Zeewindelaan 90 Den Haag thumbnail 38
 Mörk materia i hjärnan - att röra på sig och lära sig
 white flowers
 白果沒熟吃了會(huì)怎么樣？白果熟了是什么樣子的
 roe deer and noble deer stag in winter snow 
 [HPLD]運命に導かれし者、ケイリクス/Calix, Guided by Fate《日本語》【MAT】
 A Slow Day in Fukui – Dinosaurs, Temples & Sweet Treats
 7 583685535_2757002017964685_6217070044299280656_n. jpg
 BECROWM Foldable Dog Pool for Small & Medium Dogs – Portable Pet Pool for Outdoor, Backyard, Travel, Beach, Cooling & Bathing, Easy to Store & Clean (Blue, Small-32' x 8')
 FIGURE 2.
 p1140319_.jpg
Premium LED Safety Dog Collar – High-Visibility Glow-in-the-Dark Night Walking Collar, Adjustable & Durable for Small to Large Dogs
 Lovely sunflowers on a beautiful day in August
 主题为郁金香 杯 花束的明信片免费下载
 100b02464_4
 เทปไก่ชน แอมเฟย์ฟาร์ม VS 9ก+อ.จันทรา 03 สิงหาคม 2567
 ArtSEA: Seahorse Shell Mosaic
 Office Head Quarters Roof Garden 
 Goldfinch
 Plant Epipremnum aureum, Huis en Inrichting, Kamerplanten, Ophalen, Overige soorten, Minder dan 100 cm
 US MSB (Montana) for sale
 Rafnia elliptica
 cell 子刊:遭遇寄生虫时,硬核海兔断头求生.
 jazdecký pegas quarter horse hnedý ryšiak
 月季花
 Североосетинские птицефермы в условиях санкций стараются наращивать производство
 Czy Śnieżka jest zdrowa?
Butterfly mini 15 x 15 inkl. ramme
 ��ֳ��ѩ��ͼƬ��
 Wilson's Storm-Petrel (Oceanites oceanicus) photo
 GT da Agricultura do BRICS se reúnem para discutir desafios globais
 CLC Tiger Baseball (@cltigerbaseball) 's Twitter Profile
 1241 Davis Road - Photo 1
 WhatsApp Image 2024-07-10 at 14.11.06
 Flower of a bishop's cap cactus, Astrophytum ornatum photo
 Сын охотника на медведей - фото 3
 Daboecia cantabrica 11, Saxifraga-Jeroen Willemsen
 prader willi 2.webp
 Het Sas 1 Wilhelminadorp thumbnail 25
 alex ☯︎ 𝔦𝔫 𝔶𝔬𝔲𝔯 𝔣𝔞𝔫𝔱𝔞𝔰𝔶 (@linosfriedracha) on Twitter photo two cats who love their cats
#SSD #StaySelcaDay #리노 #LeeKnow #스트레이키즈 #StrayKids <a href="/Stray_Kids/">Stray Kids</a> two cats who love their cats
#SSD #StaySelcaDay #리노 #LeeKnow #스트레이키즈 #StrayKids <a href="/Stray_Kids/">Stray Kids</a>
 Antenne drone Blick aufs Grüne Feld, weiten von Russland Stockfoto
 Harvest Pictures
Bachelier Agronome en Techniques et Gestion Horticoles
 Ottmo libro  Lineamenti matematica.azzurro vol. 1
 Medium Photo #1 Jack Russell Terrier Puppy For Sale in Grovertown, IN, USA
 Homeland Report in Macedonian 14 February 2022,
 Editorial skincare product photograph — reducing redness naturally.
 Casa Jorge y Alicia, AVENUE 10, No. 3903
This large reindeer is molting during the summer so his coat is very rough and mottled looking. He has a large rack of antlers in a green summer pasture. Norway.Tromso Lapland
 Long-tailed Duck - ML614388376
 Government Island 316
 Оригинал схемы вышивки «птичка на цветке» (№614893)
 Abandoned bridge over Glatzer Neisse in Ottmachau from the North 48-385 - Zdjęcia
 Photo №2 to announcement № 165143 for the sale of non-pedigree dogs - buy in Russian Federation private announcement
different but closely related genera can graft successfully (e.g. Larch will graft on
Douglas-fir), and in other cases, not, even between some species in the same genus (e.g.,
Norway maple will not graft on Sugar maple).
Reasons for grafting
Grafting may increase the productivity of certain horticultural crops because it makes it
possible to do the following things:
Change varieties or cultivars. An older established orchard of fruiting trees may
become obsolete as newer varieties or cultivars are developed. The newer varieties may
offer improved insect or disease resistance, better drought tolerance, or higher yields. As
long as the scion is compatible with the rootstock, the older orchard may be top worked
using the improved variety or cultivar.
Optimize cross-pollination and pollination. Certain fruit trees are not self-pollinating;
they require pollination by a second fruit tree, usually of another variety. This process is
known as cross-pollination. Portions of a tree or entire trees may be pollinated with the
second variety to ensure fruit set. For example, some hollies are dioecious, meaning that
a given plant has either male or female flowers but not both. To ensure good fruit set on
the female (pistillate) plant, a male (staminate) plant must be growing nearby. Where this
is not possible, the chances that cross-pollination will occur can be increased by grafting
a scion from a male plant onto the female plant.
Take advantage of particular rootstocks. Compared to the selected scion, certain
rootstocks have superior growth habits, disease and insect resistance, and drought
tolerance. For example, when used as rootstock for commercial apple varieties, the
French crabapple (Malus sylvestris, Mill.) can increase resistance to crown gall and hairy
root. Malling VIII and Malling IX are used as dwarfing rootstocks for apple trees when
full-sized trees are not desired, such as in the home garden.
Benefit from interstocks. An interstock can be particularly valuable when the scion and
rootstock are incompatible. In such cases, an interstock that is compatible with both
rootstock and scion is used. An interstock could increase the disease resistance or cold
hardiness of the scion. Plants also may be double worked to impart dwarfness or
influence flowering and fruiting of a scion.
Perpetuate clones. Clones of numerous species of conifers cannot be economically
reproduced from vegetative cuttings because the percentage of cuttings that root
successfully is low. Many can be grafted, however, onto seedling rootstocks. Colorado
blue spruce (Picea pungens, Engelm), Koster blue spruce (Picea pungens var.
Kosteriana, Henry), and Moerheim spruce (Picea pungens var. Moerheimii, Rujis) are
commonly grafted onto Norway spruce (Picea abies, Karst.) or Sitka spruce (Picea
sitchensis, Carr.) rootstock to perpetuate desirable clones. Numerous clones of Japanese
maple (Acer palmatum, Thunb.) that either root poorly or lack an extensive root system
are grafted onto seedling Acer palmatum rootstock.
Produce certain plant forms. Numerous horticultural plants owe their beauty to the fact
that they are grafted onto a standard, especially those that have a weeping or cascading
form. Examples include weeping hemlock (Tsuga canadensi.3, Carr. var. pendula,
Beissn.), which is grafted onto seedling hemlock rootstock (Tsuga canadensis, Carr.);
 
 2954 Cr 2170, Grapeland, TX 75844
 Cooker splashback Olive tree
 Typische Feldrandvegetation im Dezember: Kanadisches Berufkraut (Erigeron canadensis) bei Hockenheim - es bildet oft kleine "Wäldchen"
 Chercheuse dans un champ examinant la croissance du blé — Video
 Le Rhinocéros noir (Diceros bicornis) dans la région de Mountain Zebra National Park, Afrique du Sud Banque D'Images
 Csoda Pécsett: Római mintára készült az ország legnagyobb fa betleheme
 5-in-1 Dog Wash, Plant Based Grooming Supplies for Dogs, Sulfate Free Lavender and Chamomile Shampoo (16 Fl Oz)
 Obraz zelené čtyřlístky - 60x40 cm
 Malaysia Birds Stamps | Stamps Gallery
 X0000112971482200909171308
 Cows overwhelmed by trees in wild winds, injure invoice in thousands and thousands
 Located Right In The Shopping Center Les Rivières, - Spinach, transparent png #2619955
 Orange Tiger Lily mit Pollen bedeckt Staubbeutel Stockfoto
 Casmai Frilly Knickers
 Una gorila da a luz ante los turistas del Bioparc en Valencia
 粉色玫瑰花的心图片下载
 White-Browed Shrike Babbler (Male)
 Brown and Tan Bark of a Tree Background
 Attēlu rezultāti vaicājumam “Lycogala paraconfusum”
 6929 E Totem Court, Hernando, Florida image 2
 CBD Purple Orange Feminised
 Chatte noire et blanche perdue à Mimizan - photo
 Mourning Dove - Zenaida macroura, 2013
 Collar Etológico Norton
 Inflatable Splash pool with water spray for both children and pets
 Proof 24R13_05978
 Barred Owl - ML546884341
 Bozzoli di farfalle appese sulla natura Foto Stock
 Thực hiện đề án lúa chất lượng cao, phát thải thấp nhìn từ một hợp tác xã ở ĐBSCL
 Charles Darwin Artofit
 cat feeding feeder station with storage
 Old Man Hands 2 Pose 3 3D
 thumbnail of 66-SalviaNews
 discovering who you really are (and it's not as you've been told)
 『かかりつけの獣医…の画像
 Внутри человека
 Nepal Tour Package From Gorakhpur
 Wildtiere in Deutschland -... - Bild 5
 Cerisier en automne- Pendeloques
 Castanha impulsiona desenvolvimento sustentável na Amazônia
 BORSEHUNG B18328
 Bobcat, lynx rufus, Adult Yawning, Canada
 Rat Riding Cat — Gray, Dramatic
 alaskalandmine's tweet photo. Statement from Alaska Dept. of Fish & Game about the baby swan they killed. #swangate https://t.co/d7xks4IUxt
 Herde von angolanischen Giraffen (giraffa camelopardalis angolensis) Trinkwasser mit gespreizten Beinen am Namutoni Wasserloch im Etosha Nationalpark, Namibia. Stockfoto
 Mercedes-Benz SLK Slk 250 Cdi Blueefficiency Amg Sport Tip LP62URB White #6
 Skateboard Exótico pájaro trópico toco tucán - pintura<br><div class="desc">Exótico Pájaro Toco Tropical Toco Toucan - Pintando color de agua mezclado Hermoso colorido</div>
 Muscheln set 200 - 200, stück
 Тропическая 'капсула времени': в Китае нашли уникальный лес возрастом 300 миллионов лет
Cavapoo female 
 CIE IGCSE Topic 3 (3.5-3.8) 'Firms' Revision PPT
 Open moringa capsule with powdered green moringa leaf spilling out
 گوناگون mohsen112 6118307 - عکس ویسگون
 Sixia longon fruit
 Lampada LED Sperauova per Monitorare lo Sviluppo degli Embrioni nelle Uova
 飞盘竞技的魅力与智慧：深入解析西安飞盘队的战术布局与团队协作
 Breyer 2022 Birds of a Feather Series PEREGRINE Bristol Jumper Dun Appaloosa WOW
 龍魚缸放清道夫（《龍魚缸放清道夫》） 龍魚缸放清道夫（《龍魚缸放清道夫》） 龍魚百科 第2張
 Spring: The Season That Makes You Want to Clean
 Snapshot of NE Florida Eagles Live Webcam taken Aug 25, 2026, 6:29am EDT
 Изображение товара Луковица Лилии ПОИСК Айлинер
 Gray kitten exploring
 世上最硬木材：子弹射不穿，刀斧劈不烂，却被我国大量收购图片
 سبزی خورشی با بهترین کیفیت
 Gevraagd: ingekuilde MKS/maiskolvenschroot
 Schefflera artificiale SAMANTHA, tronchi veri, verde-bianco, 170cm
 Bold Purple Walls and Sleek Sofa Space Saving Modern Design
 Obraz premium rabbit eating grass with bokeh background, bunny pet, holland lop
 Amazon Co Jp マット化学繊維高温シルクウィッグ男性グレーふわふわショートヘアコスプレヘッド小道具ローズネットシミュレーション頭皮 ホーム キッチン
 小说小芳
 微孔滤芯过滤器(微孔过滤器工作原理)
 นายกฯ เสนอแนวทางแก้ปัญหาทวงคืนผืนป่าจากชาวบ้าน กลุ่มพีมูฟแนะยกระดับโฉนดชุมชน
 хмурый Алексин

About this task:
Each line from the one containing "飞盘竞技的魅力与智慧：深入解析西安飞盘队的战术布局与团队协作" to the end of the entries above should be copied exactly, and no other line.

Answer to this task:
 飞盘竞技的魅力与智慧：深入解析西安飞盘队的战术布局与团队协作
 Breyer 2022 Birds of a Feather Series PEREGRINE Bristol Jumper Dun Appaloosa WOW
 龍魚缸放清道夫（《龍魚缸放清道夫》） 龍魚缸放清道夫（《龍魚缸放清道夫》） 龍魚百科 第2張
 Spring: The Season That Makes You Want to Clean
 Snapshot of NE Florida Eagles Live Webcam taken Aug 25, 2026, 6:29am EDT
 Изображение товара Луковица Лилии ПОИСК Айлинер
 Gray kitten exploring
 世上最硬木材：子弹射不穿，刀斧劈不烂，却被我国大量收购图片
 سبزی خورشی با بهترین کیفیت
 Gevraagd: ingekuilde MKS/maiskolvenschroot
 Schefflera artificiale SAMANTHA, tronchi veri, verde-bianco, 170cm
 Bold Purple Walls and Sleek Sofa Space Saving Modern Design
 Obraz premium rabbit eating grass with bokeh background, bunny pet, holland lop
 Amazon Co Jp マット化学繊維高温シルクウィッグ男性グレーふわふわショートヘアコスプレヘッド小道具ローズネットシミュレーション頭皮 ホーム キッチン
 小说小芳
 微孔滤芯过滤器(微孔过滤器工作原理)
 นายกฯ เสนอแนวทางแก้ปัญหาทวงคืนผืนป่าจากชาวบ้าน กลุ่มพีมูฟแนะยกระดับโฉนดชุมชน
 хмурый Алексин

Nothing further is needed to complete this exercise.